The West Ham manager, Sam Allardyce, has warned midfielder Ravel Morrison that he faces “severe competition” to work his way back into the side, once he overcomes a troublesome groin injury.
The former Manchester United youngster, 21, started the season in superb form for the Hammers but his own good performances seemed to fade at the same time as the team hit a slump.
Since then Morrison has been on the fringes of Allardyce’s side and has been struggling with a groin complaint since December.
Allardyce, whose side face Norwich City tonight, again denied claims that the England Under-21 international is set to depart the club, although QPR are believed to be close to signing him on loan. Fulham had a bid turned down during last month’s transfer window
“At the moment, Rav is still complaining about the problem he had before Christmas, to say he has these rumbling groin problems,” Allardyce said yesterday.
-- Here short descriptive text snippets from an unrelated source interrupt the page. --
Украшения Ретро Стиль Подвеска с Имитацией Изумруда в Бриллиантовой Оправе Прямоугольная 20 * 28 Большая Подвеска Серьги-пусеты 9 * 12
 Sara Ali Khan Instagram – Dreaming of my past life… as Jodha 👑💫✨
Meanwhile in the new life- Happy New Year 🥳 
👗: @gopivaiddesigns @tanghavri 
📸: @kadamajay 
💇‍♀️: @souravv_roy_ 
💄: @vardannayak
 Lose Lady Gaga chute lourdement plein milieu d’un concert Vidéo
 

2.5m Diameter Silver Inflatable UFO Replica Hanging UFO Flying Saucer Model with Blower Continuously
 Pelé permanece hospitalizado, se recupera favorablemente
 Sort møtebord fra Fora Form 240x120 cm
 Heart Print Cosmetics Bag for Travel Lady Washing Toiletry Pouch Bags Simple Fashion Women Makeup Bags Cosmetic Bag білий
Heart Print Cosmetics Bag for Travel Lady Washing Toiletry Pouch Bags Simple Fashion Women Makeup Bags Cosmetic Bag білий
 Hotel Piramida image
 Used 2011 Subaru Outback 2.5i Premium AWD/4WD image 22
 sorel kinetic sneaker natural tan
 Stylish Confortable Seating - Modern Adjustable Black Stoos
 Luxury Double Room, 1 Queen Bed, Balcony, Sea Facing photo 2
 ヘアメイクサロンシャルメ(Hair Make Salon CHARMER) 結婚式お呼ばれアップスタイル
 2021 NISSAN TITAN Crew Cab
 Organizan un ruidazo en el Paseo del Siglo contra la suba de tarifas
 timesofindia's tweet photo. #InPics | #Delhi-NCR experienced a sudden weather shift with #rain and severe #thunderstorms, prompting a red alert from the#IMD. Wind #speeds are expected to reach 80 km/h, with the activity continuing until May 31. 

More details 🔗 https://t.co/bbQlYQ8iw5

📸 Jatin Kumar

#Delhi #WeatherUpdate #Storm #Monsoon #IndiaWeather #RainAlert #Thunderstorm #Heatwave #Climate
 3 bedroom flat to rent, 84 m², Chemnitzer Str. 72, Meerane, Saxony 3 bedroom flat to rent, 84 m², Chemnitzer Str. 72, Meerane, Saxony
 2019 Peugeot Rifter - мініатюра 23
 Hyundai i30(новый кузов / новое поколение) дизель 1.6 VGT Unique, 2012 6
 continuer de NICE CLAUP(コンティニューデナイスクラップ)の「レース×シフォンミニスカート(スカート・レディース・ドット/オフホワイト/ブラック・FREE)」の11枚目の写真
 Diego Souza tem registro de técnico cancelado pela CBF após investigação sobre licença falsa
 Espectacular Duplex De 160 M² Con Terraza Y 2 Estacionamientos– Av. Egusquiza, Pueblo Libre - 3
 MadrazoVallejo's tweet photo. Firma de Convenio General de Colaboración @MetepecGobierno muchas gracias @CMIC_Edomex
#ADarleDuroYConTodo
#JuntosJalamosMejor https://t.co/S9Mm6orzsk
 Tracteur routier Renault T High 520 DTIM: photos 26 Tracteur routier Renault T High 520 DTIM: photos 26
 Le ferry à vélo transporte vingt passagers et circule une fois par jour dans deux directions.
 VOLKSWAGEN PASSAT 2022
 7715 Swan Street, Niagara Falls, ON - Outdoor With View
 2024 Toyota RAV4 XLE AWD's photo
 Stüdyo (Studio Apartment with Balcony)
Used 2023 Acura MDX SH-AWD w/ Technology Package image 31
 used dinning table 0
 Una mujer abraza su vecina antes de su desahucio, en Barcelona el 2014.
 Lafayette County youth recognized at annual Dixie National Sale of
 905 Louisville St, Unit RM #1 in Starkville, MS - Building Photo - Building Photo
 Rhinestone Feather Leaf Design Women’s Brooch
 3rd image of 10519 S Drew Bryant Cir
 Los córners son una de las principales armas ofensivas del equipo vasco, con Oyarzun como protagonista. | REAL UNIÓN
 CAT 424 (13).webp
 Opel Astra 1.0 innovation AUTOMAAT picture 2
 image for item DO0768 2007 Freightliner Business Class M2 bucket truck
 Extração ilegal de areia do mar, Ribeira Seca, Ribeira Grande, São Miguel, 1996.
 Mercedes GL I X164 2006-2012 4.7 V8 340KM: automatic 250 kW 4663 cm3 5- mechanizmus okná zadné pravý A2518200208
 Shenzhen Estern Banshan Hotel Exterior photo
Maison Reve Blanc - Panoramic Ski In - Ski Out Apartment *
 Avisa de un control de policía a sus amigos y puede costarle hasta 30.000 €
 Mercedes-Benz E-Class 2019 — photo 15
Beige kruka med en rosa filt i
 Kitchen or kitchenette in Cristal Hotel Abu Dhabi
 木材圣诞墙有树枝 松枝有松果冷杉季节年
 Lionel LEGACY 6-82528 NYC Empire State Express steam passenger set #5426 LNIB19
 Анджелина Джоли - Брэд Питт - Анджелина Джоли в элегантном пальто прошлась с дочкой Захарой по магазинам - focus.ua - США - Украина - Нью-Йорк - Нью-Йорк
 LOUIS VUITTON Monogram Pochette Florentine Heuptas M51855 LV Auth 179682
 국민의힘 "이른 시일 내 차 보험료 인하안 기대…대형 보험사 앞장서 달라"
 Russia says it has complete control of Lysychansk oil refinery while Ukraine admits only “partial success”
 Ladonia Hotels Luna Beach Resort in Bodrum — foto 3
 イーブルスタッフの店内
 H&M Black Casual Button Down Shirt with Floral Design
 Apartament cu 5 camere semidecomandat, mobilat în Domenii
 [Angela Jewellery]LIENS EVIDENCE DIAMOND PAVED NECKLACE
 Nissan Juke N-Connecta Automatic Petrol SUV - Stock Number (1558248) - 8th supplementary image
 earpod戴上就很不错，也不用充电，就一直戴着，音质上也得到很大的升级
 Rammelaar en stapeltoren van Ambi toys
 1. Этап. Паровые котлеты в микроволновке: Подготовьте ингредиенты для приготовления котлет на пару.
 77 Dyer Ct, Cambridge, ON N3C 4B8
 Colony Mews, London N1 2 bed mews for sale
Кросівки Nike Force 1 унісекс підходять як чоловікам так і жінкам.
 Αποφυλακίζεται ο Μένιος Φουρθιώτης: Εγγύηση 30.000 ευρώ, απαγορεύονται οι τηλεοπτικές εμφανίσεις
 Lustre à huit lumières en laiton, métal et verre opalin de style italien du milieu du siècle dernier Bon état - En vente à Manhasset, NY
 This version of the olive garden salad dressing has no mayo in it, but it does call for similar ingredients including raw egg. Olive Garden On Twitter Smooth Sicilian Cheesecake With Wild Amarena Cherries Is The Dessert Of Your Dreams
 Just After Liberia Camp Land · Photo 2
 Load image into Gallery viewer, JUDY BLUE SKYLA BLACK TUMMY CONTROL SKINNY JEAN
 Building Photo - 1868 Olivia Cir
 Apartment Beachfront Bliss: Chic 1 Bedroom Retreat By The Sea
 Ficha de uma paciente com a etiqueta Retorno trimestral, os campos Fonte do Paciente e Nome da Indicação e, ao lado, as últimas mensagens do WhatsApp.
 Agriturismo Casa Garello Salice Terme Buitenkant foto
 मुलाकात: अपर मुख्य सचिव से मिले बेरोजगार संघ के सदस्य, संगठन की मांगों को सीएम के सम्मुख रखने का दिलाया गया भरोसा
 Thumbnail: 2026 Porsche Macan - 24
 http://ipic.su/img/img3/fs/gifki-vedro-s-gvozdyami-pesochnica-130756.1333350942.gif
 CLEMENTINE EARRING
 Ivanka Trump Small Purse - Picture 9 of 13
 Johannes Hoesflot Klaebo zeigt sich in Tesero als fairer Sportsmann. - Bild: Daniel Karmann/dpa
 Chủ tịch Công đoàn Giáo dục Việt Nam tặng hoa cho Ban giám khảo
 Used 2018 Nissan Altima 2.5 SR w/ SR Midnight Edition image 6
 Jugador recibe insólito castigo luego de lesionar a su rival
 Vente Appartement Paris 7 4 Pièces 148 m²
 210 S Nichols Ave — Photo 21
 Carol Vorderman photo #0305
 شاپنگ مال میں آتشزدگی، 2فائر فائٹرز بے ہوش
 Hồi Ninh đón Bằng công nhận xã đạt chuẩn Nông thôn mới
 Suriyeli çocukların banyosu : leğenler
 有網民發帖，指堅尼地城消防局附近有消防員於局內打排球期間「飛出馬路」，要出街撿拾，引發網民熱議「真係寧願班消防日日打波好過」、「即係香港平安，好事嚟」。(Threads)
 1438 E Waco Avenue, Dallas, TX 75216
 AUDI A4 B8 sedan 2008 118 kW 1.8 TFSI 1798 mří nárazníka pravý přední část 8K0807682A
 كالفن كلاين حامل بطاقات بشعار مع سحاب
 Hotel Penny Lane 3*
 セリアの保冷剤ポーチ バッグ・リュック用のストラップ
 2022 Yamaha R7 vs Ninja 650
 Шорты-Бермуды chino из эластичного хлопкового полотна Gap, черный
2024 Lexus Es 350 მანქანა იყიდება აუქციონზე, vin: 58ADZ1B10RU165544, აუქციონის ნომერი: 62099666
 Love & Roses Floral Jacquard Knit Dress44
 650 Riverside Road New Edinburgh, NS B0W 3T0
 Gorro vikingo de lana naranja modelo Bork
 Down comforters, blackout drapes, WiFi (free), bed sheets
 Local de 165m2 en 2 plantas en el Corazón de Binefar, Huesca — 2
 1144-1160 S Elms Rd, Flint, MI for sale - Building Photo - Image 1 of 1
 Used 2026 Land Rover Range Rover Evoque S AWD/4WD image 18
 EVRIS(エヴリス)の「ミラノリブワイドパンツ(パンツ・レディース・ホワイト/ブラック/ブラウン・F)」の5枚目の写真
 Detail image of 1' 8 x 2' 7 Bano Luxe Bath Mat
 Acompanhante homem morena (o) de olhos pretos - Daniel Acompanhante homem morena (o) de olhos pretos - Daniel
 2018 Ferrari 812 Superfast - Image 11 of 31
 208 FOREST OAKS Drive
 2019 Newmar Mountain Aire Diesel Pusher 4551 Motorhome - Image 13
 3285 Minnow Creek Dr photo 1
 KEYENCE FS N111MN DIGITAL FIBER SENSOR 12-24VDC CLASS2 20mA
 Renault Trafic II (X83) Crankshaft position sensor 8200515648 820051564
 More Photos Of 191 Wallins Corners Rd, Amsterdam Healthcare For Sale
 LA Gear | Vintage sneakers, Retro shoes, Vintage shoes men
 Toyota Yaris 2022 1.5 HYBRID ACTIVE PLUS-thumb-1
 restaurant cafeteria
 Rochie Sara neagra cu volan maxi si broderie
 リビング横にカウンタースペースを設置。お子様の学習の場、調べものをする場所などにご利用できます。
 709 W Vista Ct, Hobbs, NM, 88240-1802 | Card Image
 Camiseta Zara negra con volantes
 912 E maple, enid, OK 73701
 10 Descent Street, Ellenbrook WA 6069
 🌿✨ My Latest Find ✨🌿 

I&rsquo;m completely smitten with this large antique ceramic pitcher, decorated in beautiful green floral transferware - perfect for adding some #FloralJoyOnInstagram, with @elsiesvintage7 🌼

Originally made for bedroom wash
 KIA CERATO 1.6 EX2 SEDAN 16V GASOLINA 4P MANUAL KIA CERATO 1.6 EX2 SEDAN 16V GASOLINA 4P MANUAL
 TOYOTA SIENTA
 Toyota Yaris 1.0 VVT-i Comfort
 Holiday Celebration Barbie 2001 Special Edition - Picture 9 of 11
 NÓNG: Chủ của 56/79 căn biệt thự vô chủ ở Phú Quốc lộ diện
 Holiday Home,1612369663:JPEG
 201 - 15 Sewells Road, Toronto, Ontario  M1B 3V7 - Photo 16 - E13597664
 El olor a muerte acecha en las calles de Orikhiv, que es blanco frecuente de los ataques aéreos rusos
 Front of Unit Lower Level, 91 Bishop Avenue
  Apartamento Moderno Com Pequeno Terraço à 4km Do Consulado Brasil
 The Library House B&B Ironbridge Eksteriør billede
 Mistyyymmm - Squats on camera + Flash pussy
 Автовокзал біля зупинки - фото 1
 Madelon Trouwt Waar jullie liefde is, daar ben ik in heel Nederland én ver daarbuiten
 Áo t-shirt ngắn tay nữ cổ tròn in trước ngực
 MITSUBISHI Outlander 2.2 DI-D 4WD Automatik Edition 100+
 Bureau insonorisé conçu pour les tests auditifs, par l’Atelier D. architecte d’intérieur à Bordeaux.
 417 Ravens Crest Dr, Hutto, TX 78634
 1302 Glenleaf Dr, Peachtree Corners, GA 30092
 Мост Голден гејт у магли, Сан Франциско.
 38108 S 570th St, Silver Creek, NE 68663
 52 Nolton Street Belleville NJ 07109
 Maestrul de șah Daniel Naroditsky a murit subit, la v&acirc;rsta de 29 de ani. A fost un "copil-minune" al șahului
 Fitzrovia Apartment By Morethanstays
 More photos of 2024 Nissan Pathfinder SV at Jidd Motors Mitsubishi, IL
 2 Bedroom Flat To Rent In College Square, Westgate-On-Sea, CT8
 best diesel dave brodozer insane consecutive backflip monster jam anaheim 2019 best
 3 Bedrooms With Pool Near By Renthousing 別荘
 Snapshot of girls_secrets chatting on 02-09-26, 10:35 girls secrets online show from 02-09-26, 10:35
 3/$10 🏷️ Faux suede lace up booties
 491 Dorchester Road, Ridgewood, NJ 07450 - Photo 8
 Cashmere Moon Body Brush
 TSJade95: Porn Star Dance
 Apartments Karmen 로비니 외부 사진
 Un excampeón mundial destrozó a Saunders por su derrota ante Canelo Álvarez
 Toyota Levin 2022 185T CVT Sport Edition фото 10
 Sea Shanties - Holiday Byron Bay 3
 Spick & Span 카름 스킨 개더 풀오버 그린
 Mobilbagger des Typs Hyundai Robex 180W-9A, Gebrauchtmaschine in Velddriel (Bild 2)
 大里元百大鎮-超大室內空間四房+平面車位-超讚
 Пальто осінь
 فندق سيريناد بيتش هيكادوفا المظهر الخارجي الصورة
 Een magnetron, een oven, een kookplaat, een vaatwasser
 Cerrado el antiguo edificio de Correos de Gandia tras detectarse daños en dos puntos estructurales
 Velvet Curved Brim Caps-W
“At the end of the day he is going to have to decide if he goes for the hernia operation or not and the answer keeps being no – he doesn’t need it. I haven’t heard any rumours any other way in terms of what is happening with Rav, but he certainly needs to get back and train with the squad.
“He has to realise now everybody is fit there is severe competition here, especially with the new players as well.”
West Ham, meanwhile, have agreed a deal to sell Upton Park to London developer the Galliard Group, once the club have completed their switch to the Olympic Stadium in 2016. The club have played at the Boleyn Ground in east London for more than 100 years.
The Olympic Stadium, built at a cost of £430m, will have a 54,000 capacity once it is converted for use by the club, who have been granted a 99-year lease and will contribute £15m to conversion work. And Upton Park is to be turned into an East End “village” of up to 700 homes plus retail and leisure facilities, in London’s largest football stadium redevelopment.
Galliard has been in talks with the family of former West Ham and England captain Bobby Moore about the possibility of placing a landscaped garden named in his honour at the centre of the site, as well as a statue of the World Cup winner.